Pictures with short captions:
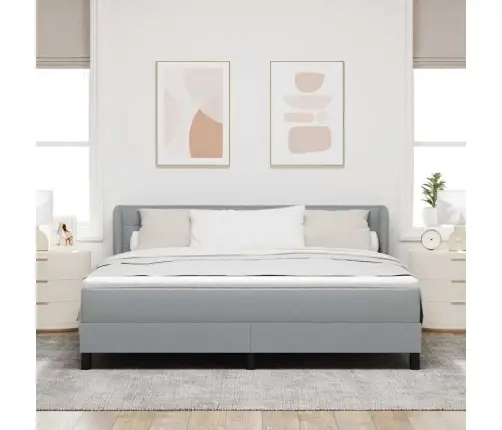 Kastītes Atsperu Gulta Gaiši Pelēka 180 X 200 Cm Audums Vidaxl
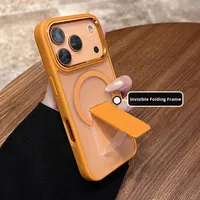 Coque de Téléphone PC Haut de Gamme Conçue pour iPhone 17 Pro Max/16/15/14/13, avec Béquille Invisible et Anneau Magnétique
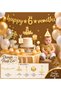 Dzyn Happy 6 Month Gold Party Set - 6 Month Celebration Ornaments Set - 2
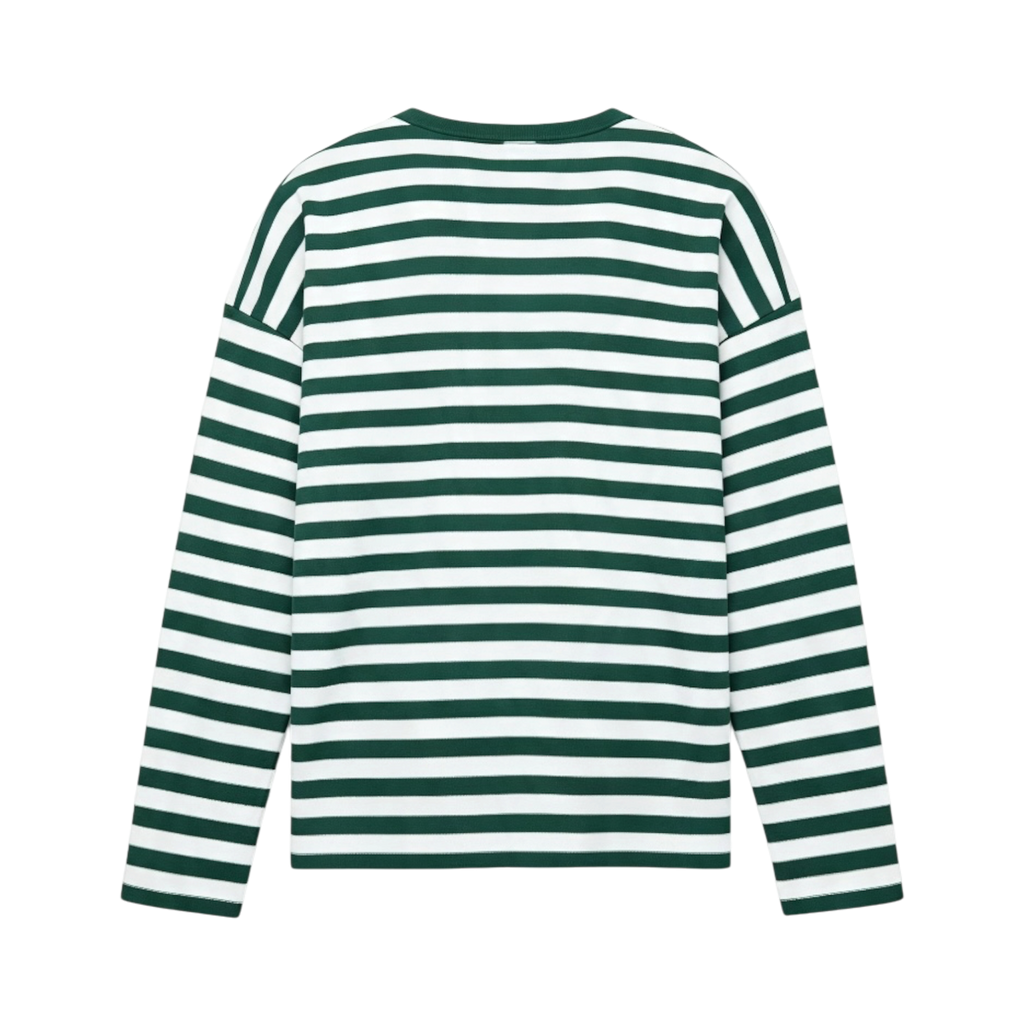 NOV STRIPED HENLEY GREEN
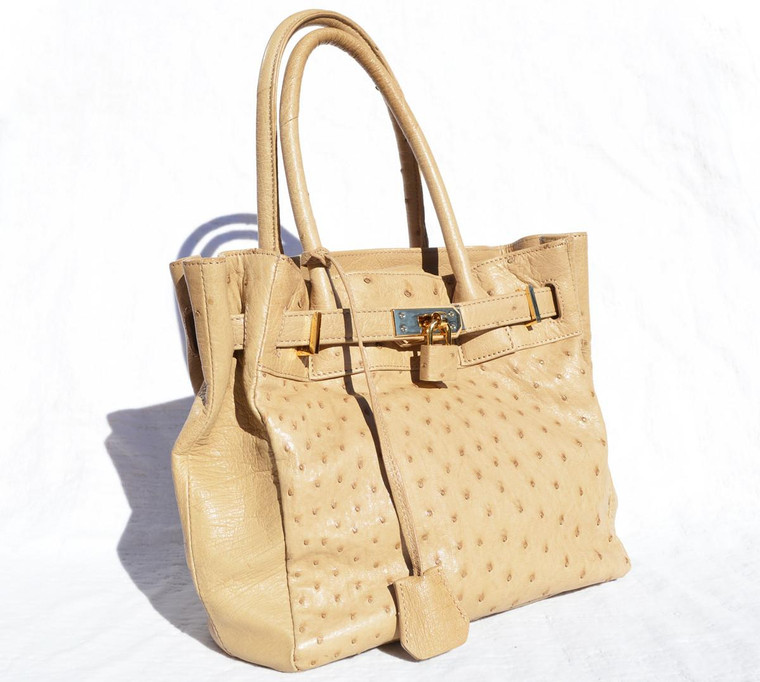  New! Hazelnut Tan Belted Ostrich Skin Handbag w/Lock & Keys 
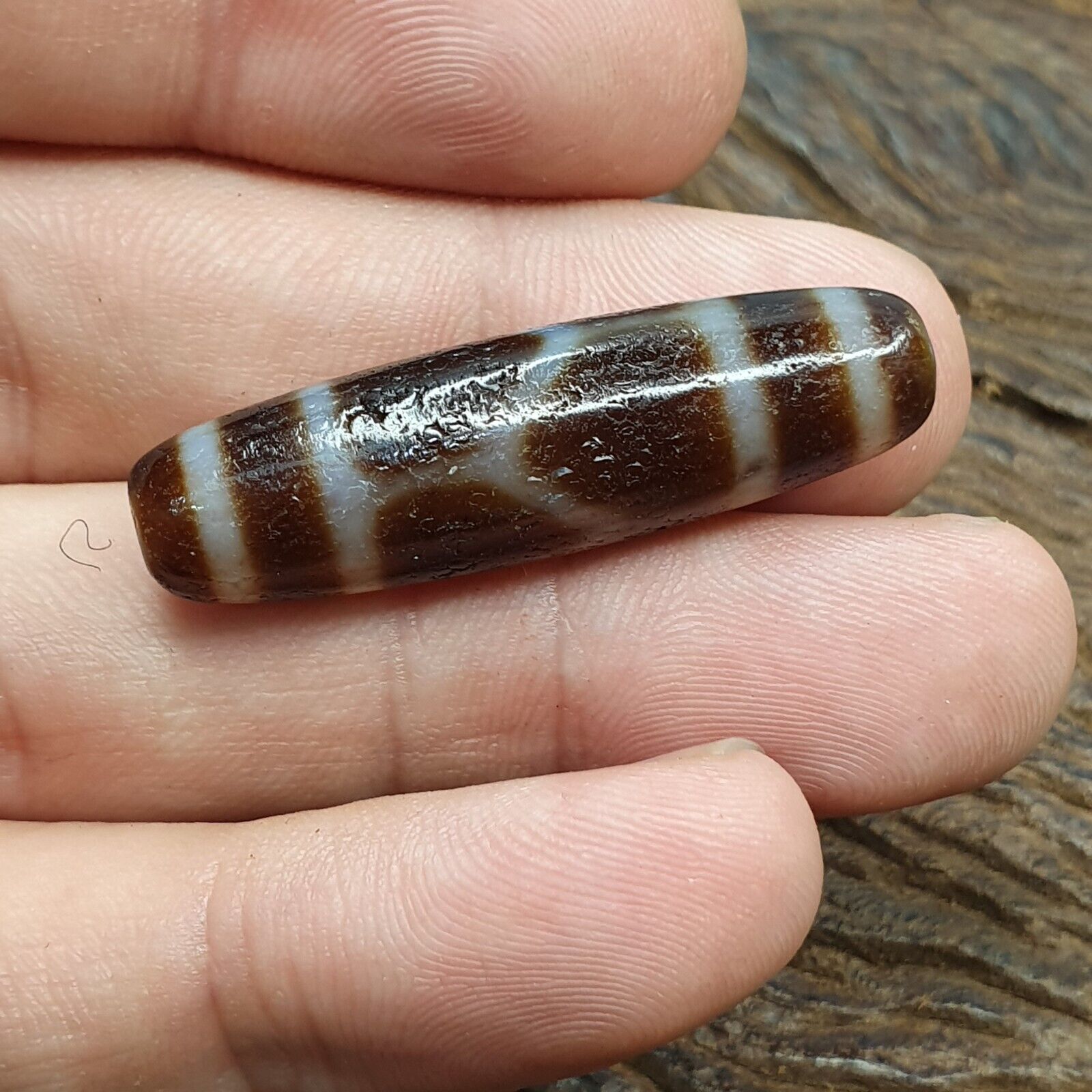 Antique Old Tibetan 6 Football pattern Eyes Agate stone Dzi Bead Amulet CT-3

EXERCISE GOAL:
A word-for-word copy is required of the lines above from the line with "Coque de Téléphone" through the last line of the data; no other lines and no pictures belong in it.

ANSWER TO THIS TASK:
 Coque de Téléphone PC Haut de Gamme Conçue pour iPhone 17 Pro Max/16/15/14/13, avec Béquille Invisible et Anneau Magnétique
 Dzyn Happy 6 Month Gold Party Set - 6 Month Celebration Ornaments Set - 2
 NOV STRIPED HENLEY GREEN
  New! Hazelnut Tan Belted Ostrich Skin Handbag w/Lock & Keys 
 Antique Old Tibetan 6 Football pattern Eyes Agate stone Dzi Bead Amulet CT-3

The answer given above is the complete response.